_Data to examine_.
================================
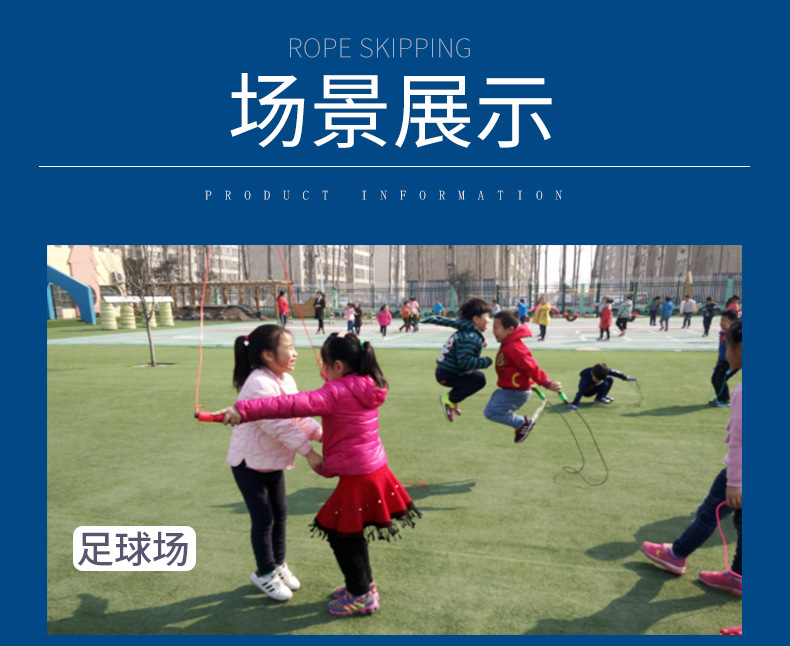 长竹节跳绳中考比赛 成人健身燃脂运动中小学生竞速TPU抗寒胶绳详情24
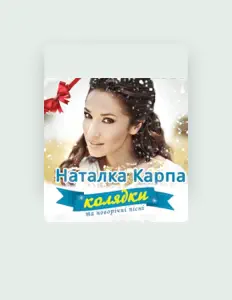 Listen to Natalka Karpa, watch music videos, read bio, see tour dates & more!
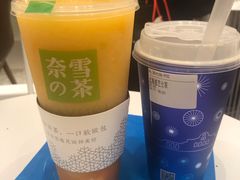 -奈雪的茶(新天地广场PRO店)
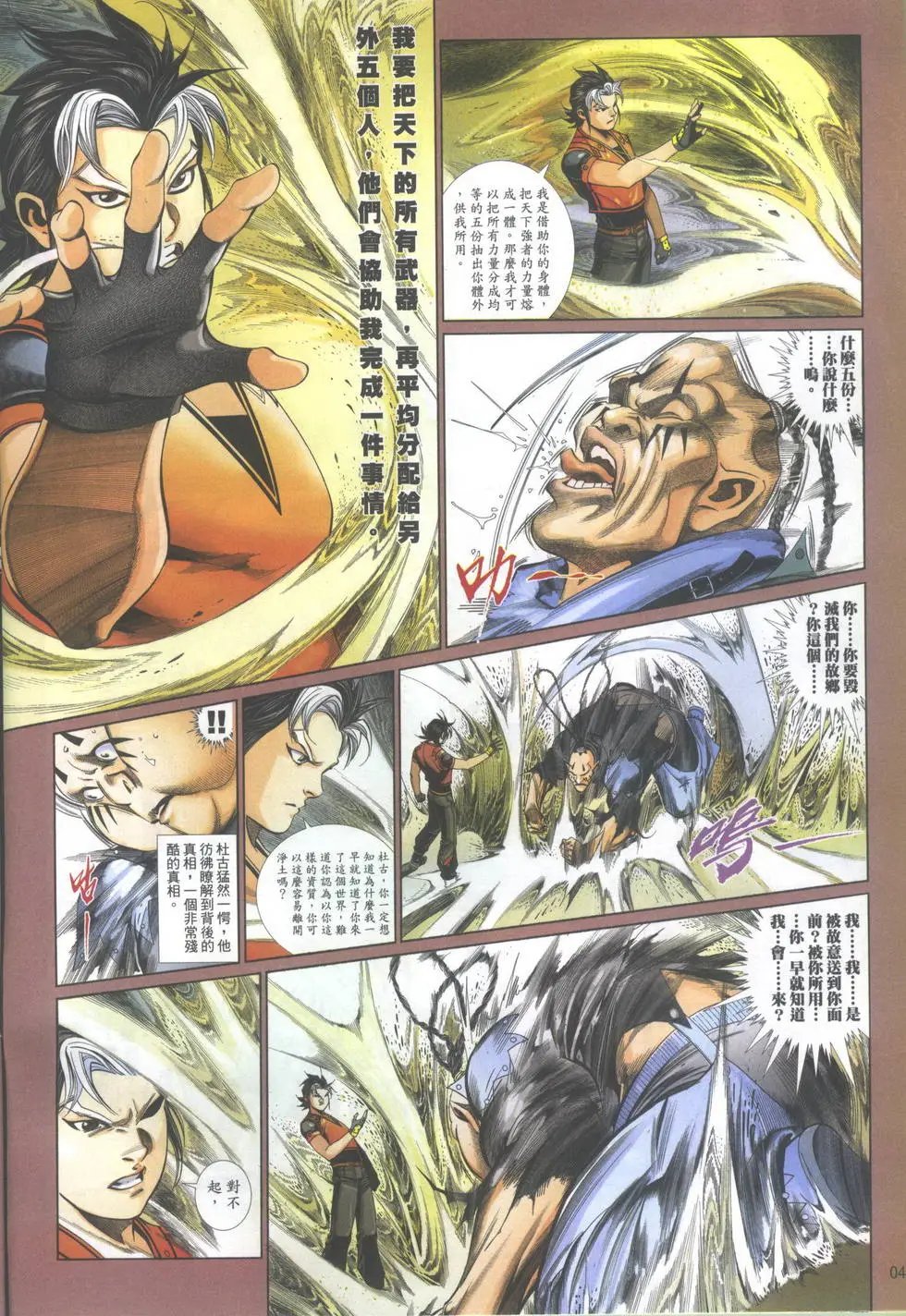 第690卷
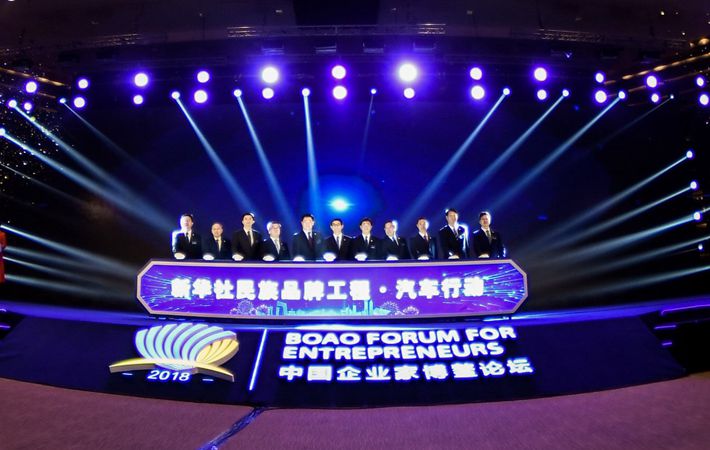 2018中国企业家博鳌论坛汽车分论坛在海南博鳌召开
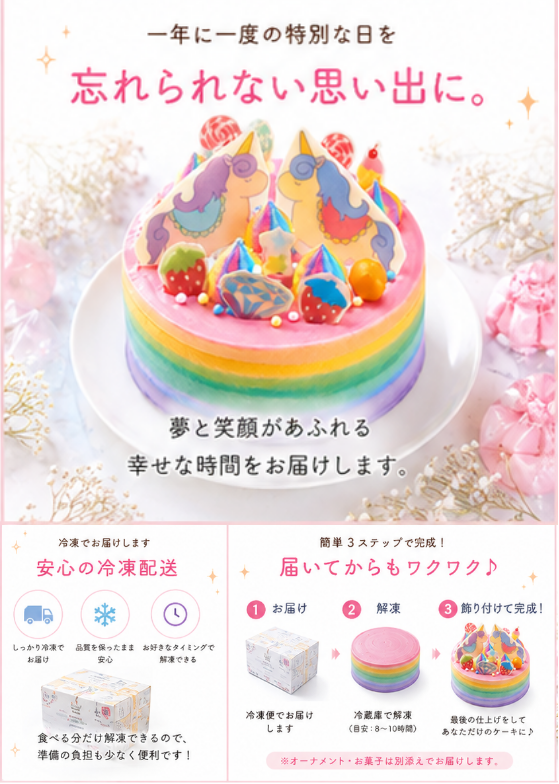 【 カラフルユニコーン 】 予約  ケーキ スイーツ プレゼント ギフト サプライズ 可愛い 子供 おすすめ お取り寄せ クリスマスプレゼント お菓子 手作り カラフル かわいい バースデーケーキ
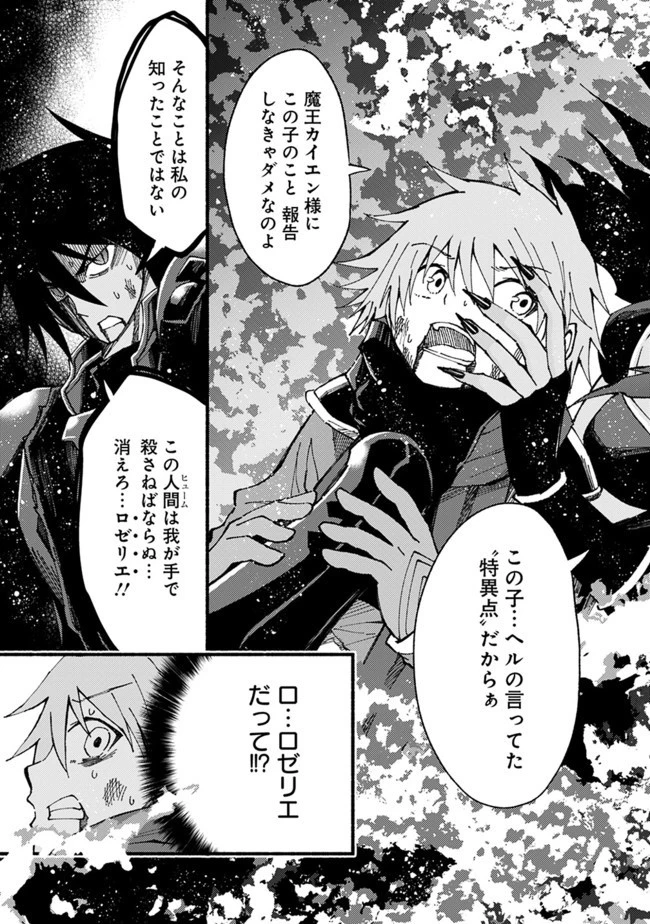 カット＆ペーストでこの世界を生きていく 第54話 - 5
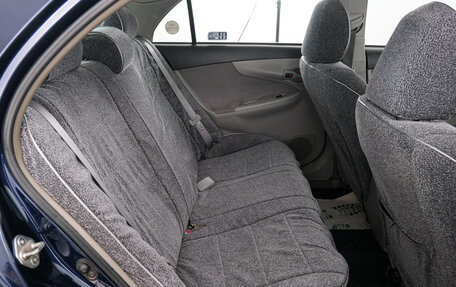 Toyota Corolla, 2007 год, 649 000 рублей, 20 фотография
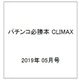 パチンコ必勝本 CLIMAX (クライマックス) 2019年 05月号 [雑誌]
================================
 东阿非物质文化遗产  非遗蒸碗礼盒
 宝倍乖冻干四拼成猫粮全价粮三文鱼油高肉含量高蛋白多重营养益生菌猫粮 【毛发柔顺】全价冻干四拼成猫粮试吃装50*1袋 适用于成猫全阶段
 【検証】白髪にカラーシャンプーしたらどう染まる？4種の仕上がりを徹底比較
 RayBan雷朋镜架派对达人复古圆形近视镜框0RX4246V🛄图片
================================
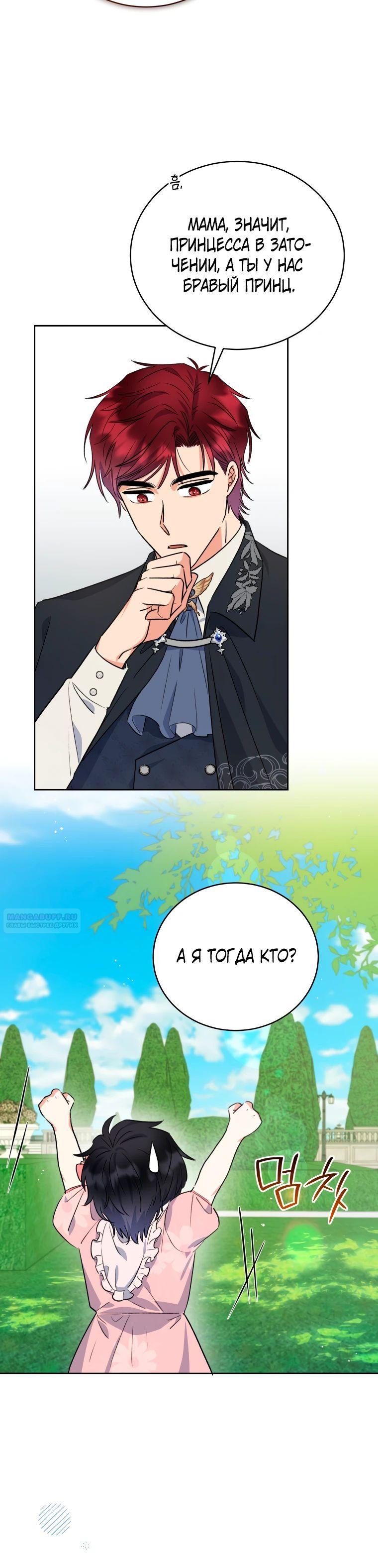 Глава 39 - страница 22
================================
_Required work_.
Starting at the line containing "长竹节跳绳中考比赛 成人健身燃脂运动中小学生竞速TPU抗寒胶绳详情24" and finishing at the line containing "パチンコ必勝本 CLIMAX (クライマックス) 2019年 05月号 [雑誌]", return those lines exactly as they appear above, without the pictures.

_Result of this exercise_.
 长竹节跳绳中考比赛 成人健身燃脂运动中小学生竞速TPU抗寒胶绳详情24
 Listen to Natalka Karpa, watch music videos, read bio, see tour dates & more!
 -奈雪的茶(新天地广场PRO店)
 第690卷
 2018中国企业家博鳌论坛汽车分论坛在海南博鳌召开
 【 カラフルユニコーン 】 予約  ケーキ スイーツ プレゼント ギフト サプライズ 可愛い 子供 おすすめ お取り寄せ クリスマスプレゼント お菓子 手作り カラフル かわいい バースデーケーキ
 カット＆ペーストでこの世界を生きていく 第54話 - 5
 Toyota Corolla, 2007 год, 649 000 рублей, 20 фотография
 パチンコ必勝本 CLIMAX (クライマックス) 2019年 05月号 [雑誌]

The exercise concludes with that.